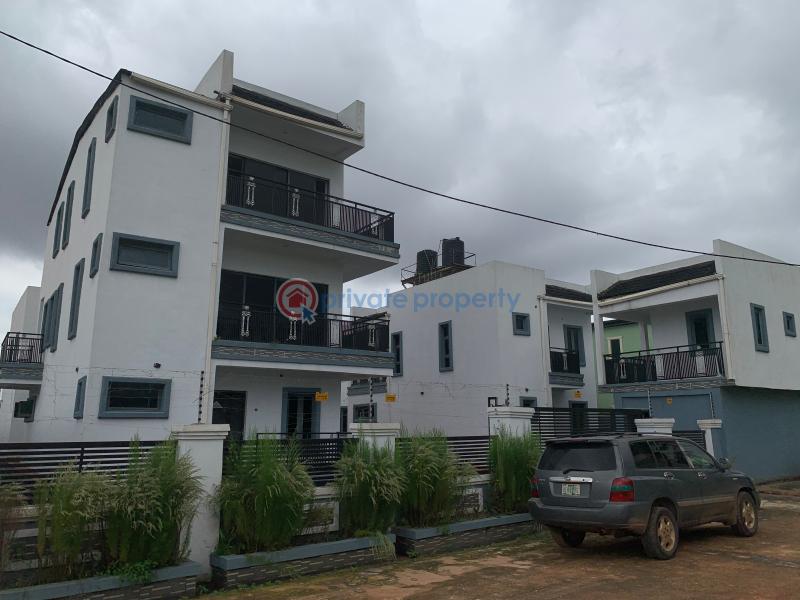 10 bedroom Duplex For Sale Ekehuan After Uniben Campus Benin Edo - 5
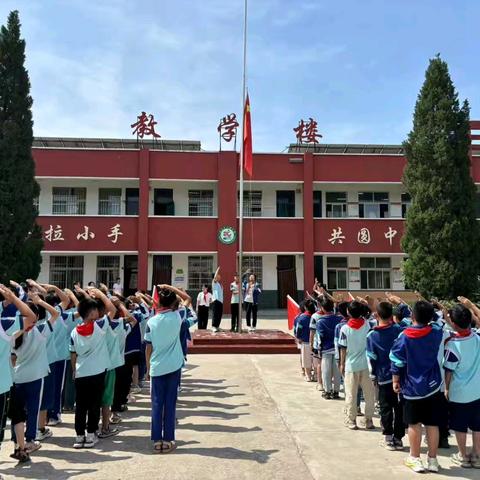 红色润童心  争做好少年——丁村小学入队仪式纪实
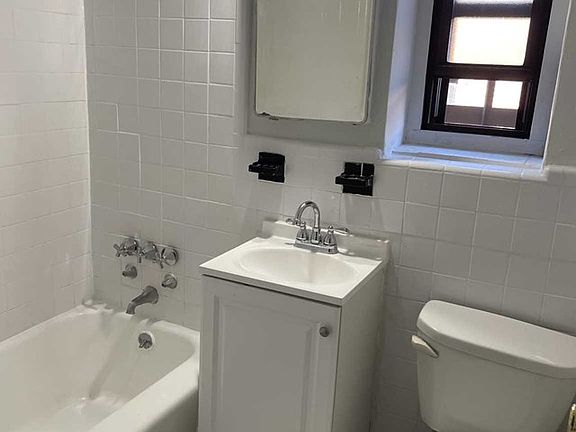 4th image of 2337 Hudson Ter APT B14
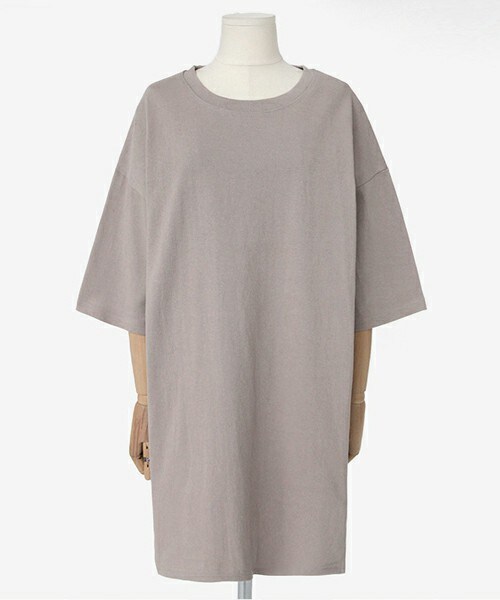 DHOLIC（ディーホリック）の「ボクシーフィットスリットTシャツ（Tシャツ/カットソー・レディース・ブラックグレー/カーキ/ベージュ/ホワイトアイボリー・FREE）」の3枚目の写真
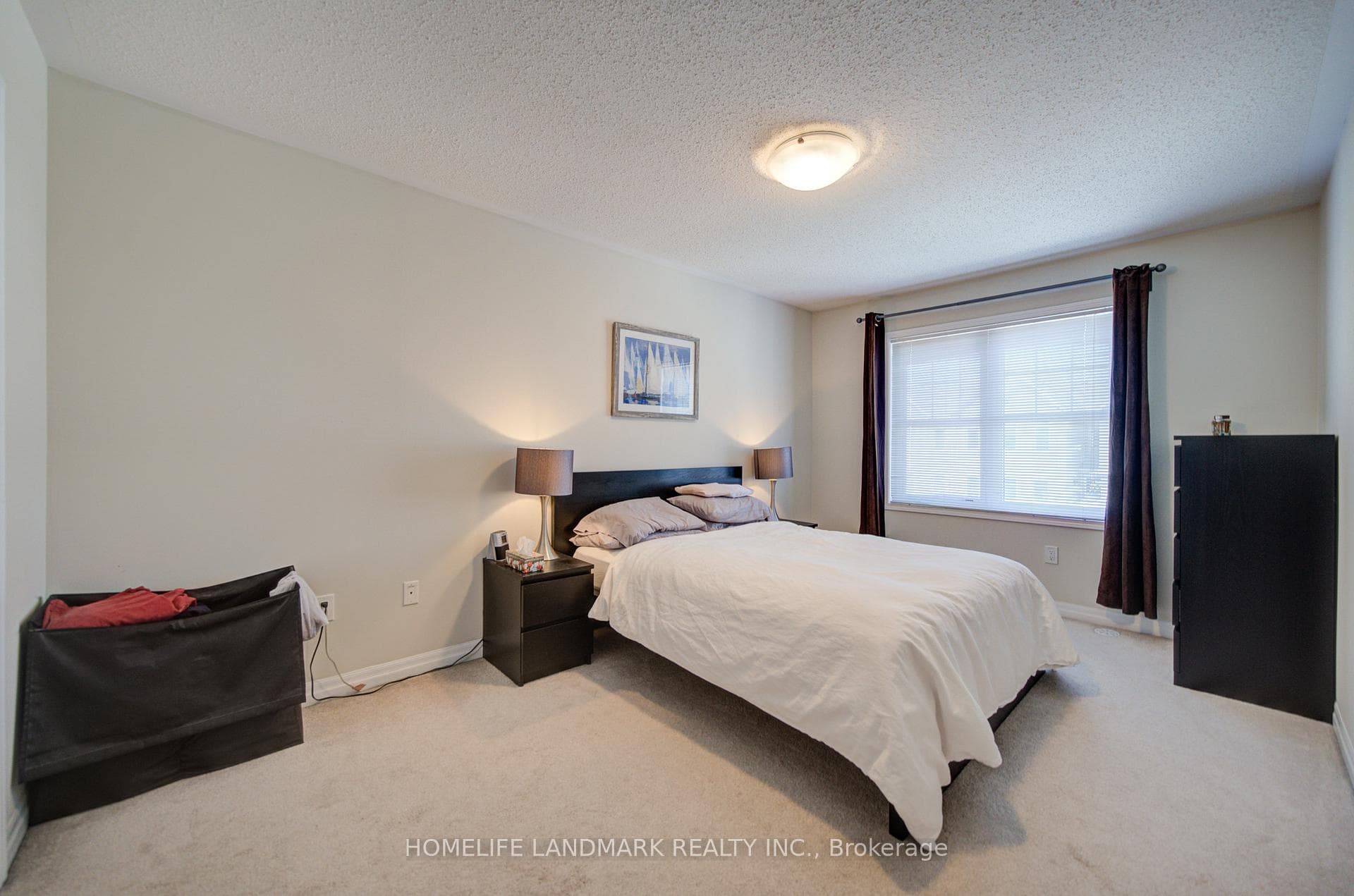 3086 Mistletoe Gardens - Townhouse photo 28 of 38 in Oakville, Ontario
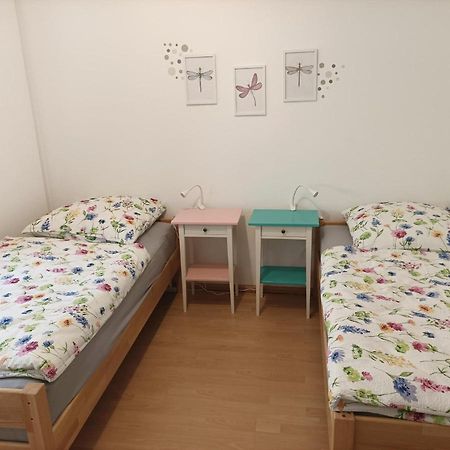 Grosse Ferienwohnung Am Waldrand Шёнау Экстерьер фото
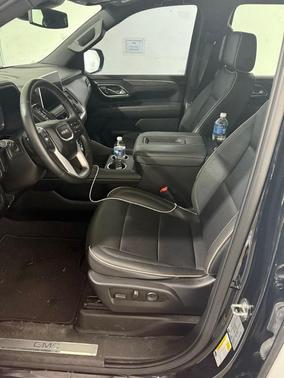 Onyx Black 2023 GMC Yukon XL SLT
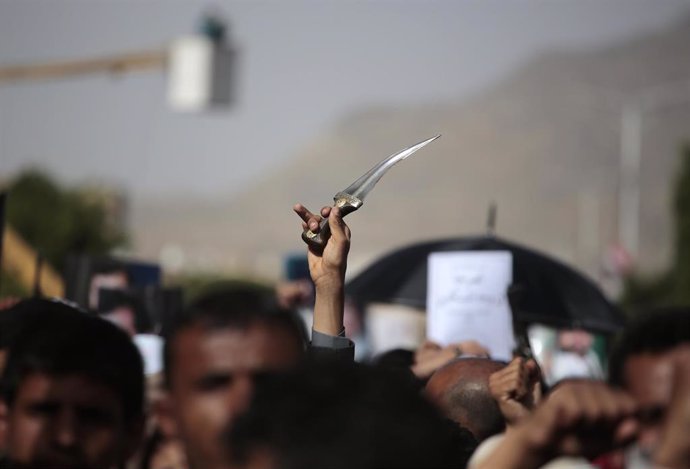 Un simpatizante houthi sostiene un puñal durante una protesta contra EEUU y Arabia Saudí en la que se pide el fin de la guerra en Yemen, un día después de que se renovara la tregua en Saná.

---+---

▸ Problem to solve
All lines from the beginning of the material above through the line holding "DHOLIC（ディーホリック" are to be given again exactly, and no others; pictures do not go in.

▸ Answer to this task
 10 bedroom Duplex For Sale Ekehuan After Uniben Campus Benin Edo - 5
 红色润童心  争做好少年——丁村小学入队仪式纪实
 4th image of 2337 Hudson Ter APT B14
 DHOLIC（ディーホリック）の「ボクシーフィットスリットTシャツ（Tシャツ/カットソー・レディース・ブラックグレー/カーキ/ベージュ/ホワイトアイボリー・FREE）」の3枚目の写真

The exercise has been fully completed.